Grenzen des Resilienzkonzepts

Inzwischen gehört die Resilienzperspektive zum Grundbestand entwicklungspsychologischen Forschens, wenn sich das auch noch nicht überall hin herumgesprochen hat. Auch gibt es interessante Versuche, Resilienzpotenziale von Kommunen, Regionen und ganzen Gesellschaften zu erkunden. Empirisch kann das Resilienzkonzept als bestätigt gelten. Alleine steht das Resilienzkonzept auch nicht da, denn es steht ihm ein verwandtes Konzept zur Seite: das der Salutogenese. Es wurde von dem israelischen Soziologen Aaron Antonovsky entwickelt und hat ebenfalls eine empirische Grundlage. Während das Resilienzkonzept auf die Frage gerichtet ist, wie Individuen und ihre sozialen Umwelten trotz widriger Umstände gedeihen können, ist das Salutogenesekonzept auf die Frage gerichtet, wie Gesundheit entstehen kann. Die Antwort auf diese Frage sei hier erwähnt: Es ist der Sinn für Kohärenz, der aus den drei Elementen Verstehbarkeit, Handhabbarkeit und Sinnhaftigkeit einer Lebenssituation besteht.

Grenzen

Grenzen des Resilienzkonzepts sehe ich in drei Punkten:

  • Das schiefe Bild der Wendeltreppe: Wie die Entwicklung als nach vorne gerichtet wahrgenommen wird, wird eine Wendeltreppe als nach oben gerichtet gesehen. Damit wird ein ungebrochener Optimismus verknüpft. Das Leben ist allerdings anders beschaffen: Mal geht es nach oben, mal nach unten, und schließlich ist das Leben endlich.
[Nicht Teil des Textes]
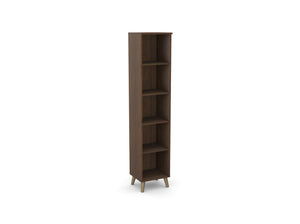 Biuro lentyna Flexx, 5 lentynos, 1800 x 400 x 355 mm – Riešutmedžio / Medinės kojelės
Es wäre daher besser, statt von einer Wendeltreppe von einer Verlaufskurve zu sprechen, die je nach Ausprägung der Resilienzfaktoren eine günstige oder eine ungünstige Richtung annimmt.
  • Der Mythos vom Stehaufmännchen mittels Selbstzuschreibung: Manche Überlebenskünstler/innen sind dermaßen von ihrer Kunst eingenommen, dass sie sich nicht mehr vorstellen können, auch einmal eine kritische Lebenssituation nicht meistern zu können. Solche Menschen ersticken sozusagen an ihrer Resilienz.
  • Der Mythos vom Stehaufmännchen mittels Fremdzuschreibung: Letztere bezieht sich auf die Erwartung anderer, dass jemand sich als resilient erweist und ihm kein Scheitern zugestanden wird.
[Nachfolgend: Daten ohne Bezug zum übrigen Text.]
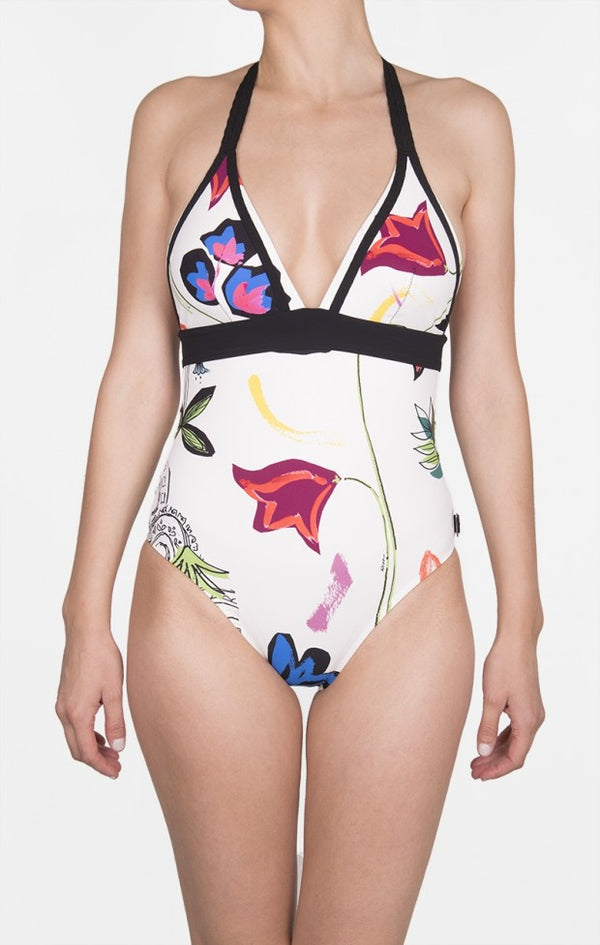Shan Pop Art Classic plunging V neck one piece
Von diesen drei kritischen Bemerkungen richtet sich nur die erste direkt an das von Emmy Werner und Kolleg(inn)en vertretene Konzept. Die anderen beiden Punkte weisen auf einen Missbrauch des Resilienzkonzepts hin.
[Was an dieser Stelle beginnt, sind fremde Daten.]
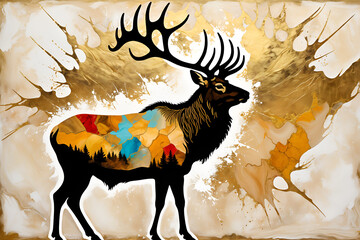 Abstract Elk Silhouette Art Golden Antlers on Marble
Der Missbrauch geht so weit, dass beispielsweise das amerikanische Militär über Einheiten verfügt, in denen Resilienz antrainiert werden soll. Zu einer technokratischen Umsetzung eignet sich das Resilienzkonzept aber nicht; es bezieht sich auf eine Haltung oder auf eine Perspektive, nicht auf eine Technik.

Fazit

Gedeihen trotz widriger Umstände ist ein Konzept, das Fachleuten aus Pädagogik, Sozialarbeit, Psychologie und Medizin hilft, von ihren Klienten ein differenziertes Bild zu entwickeln. Aus der Perspektive der Resilienz erscheinen Menschen nicht nur als beschädigt, sondern hinter der Beschädigung rücken auch ihre Stärken ins Licht. So lange Stärken und Schwächen nicht gegeneinander ausgespielt, sondern in ihrem wechselseitigen Bezug zueinander gesehen werden, kann das Resilienzkonzept fruchtbar gemacht werden für die psychosoziale Praxis.

 
 

Bruno Hildenbrand von der Universität Jena befasst sich in Forschung und Lehre mit Fragen der sozialisatorischen Interaktion, u. a. auch mit Genogrammarbeit.